You arrive to my party a little late. You stop in my kitchen on your way out into the garden, and you see all the treasures that have already been found, nicely and neatly laid out on my table. An antique magnifying glass! A thimble! A piece of selenite! All very pretty, and nicely arranged.
(Note: Never put selenite out in the garden unless you live in a desert. It dissolves in moisture. I just said that to see if the woowoo among you were paying attention.)
You are distressed.
You come to me, distraught.
You say to me, “Naomi, whatever shall I do? I am late to the party, and everything has already been found!” You gesture to the table and all of its sparkly wares to prove your point. See? It’s all been found.
This is a trick of the brain. It’s lying to you, because it’s an asshat sometimes.
See, you are late and, quite understandably, you are feeling somewhat insecure about it. You look at the wares spread out on the table. There are a lot of them. They are all the wares you see, and thus you conclude that all you see is all there is.
There could be 152 other treasures strewn about my palatial estate and you won’t know because you see 20, and that seems like a lot. Brains (being asshats) like to take shortcuts and protect you from difficult things, so “a lot” is simplistically filed as “all” and your brain decides the case is closed. Clearly, all the treasures have been found. May as well get drunk instead.
Now let’s talk about trashy romance novels, because they are my favorite thing.
In commercial fiction, there are plot and character elements known as tropes – beloved, genre-specific components that almost all authors incorporate at one time or another. Friends to lovers is a trope. Enemies to lovers is a trope. Aristocrats! Ill-timed pregnancies! Strong female protagonists! These are all tropes, and they’re the bread and butter of the romance industry.

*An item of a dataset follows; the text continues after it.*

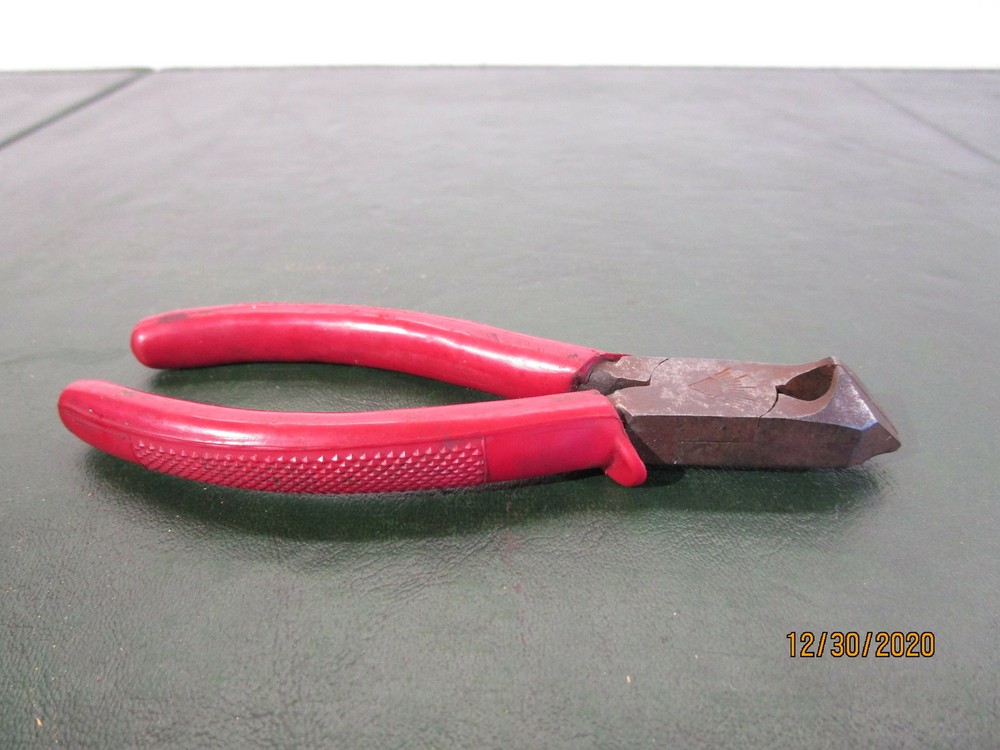 Diamond Logo  5 in. 45 Degree Angle Diagonal Flush Cutters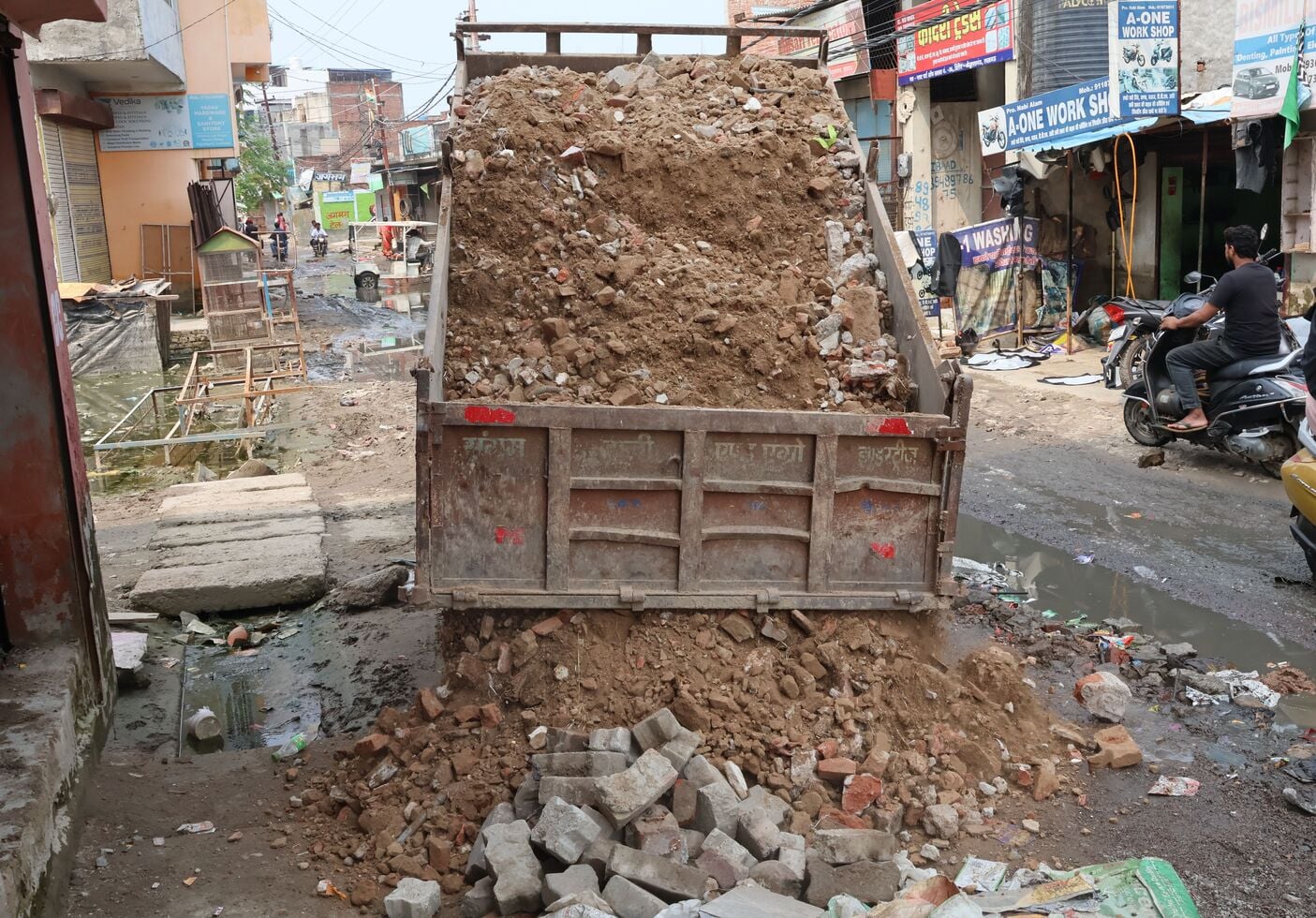 बाढ़ के जख्माें पर सांत्वना का मरहम..पटरी पर लौट रही जिंदगी। बाढ़ के जख्माें पर सांत्वना का मरहम..पटरी पर लौट रही जिंदगी।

Every industry has its bread and butter. Every industry has its tropes. If you’re new and thinking of making something, the odds are very high that it’s a trope of some kind. (We don’t usually start getting creative until we’ve been doing this for a while.)
An idea being done before means nothing. It doesn’t mean your thing won’t sell. It doesn’t mean you’re a copycat. Nobody’s going to think you’re pathetic. In fact, if your idea hasn’t been done before, you may want to consider worrying, because “nobody has ever done anything like this” tends to be a very bad sign.
You’re in health and wellness, and you want to make a book of healthy breakfast recipes. But there are already books about healthy breakfast recipes. What should you do?
You should make a book about healthy breakfast recipes. I, for one, thank God that there are more than one of them on earth, and I welcome more.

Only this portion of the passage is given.